OSHA spokesman Jesse Lawder told Bloomberg BNA Dec. 10 that the Fiberdome citation doesn't signal a new enforcement trend of using other exposure limits that are lower than the agency's levels. He said general duty clause citations are reserved for relatively extreme instances, in part because of the high legal burden that the agency must meet to prove them.

“This is not a new strategy,” Lawder said of the Fiberdome citation referencing the NIOSH recommended exposure limit.

Instead, the key element that drove the citation was that workers were getting sick from styrene exposure, he said.

Fiberdome's alleged violation of the general duty clause resulted in a citation for a serious violation carrying a $6,300 proposed fine. In total, OSHA's most recent inspection of Fiberdome resulted in citations for 10 alleged violations with proposed fines of $49,500, according to OSHA's online enforcement database. Records show the agency has cited the company three times since 2011.

Case Law on Employer's Duty

OSHA appears to have some case law to support its general duty clause allegation against Fiberdome. In a 1987 decision, the U.S. Court of Appeals for the District of Columbia Circuit said that an employer has a legal duty to furnish a safe workplace if it adheres to a specific standard that it knows doesn't protect workers (Int. Union UAW v. General Dynamics Land Systems Division, 815 F.2d 1570 (D.C. Cir.)).
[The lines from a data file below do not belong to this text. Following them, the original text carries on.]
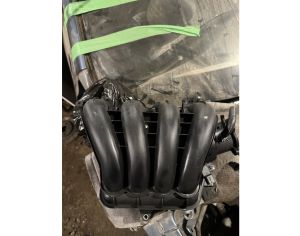 MAZDA Mazda 3 2014-2026 - 1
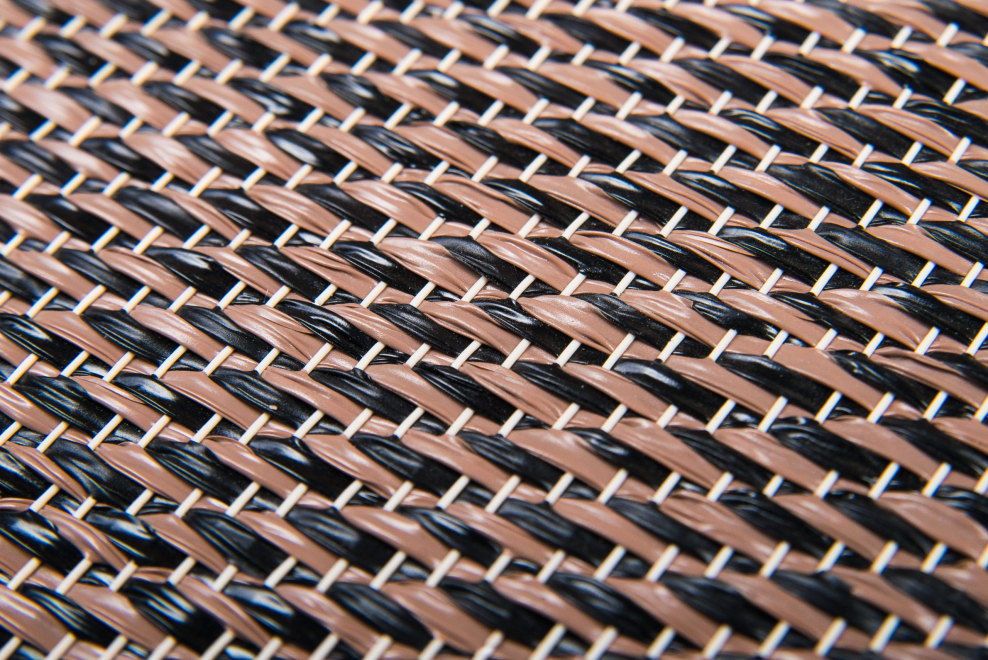 Виниловый пол Hoffmann Eco-52005bp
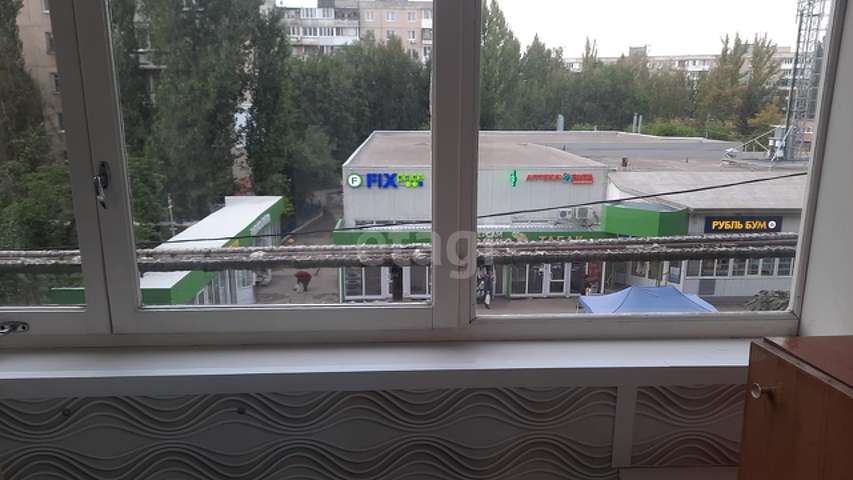 Продажа 1-комнатной квартиры, Саратов, Саратовская область,  Саратов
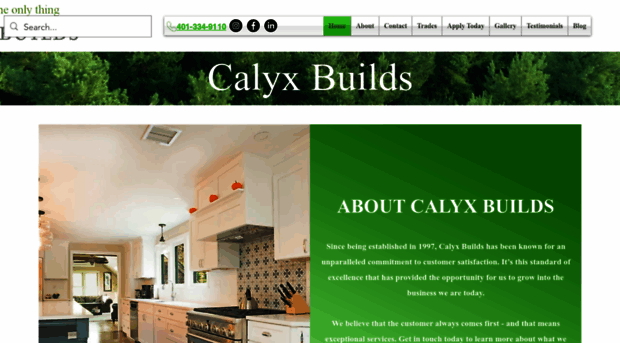 calyxbuilds.com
The agency referenced the General Dynamics decision in a 2003 enforcement memorandum spelling out its policy for using the general duty clause with regard to air contaminant hazards. It said the agency can't use the general duty clause to impose a requirement stricter than that which is required by a standard, except when an employer knows that the standard is inadequate to protect workers.

Attorneys told Bloomberg BNA that they expect Fiberdome to prevail in its challenge of the general duty clause citation. But judicial approval--even at the Occupational Safety and Health Review Commission level--could change the behavior of some companies.

Peter J. McGrath Jr., partner with Moore & Van Allen PLLC, told Bloomberg BNA Dec. 6 that there are myriad reasons, from legal expenses and bad public relations to notification of lenders and ramifications for insurance premiums, that would motivate employers to comply with stricter, non-OSHA occupational exposure limits rather than deal with a citation.

More broadly, some attorneys suggested an OSHA victory could have the potential to undermine the standard-setting process and sow chaos that could extend beyond chemical regulation to touch virtually any workplace.

“If the citation survives judicial review, then no employer can rely on OSHA standards for determining what is required in the workplace,” Patricia A. Poole, a partner with Baker & Hostetler LLP, told Bloomberg BNA Dec. 5. “Whether it's air contaminants or general industry or construction, if OSHA doesn't cite to its own standard, then how will employers know how to comply?”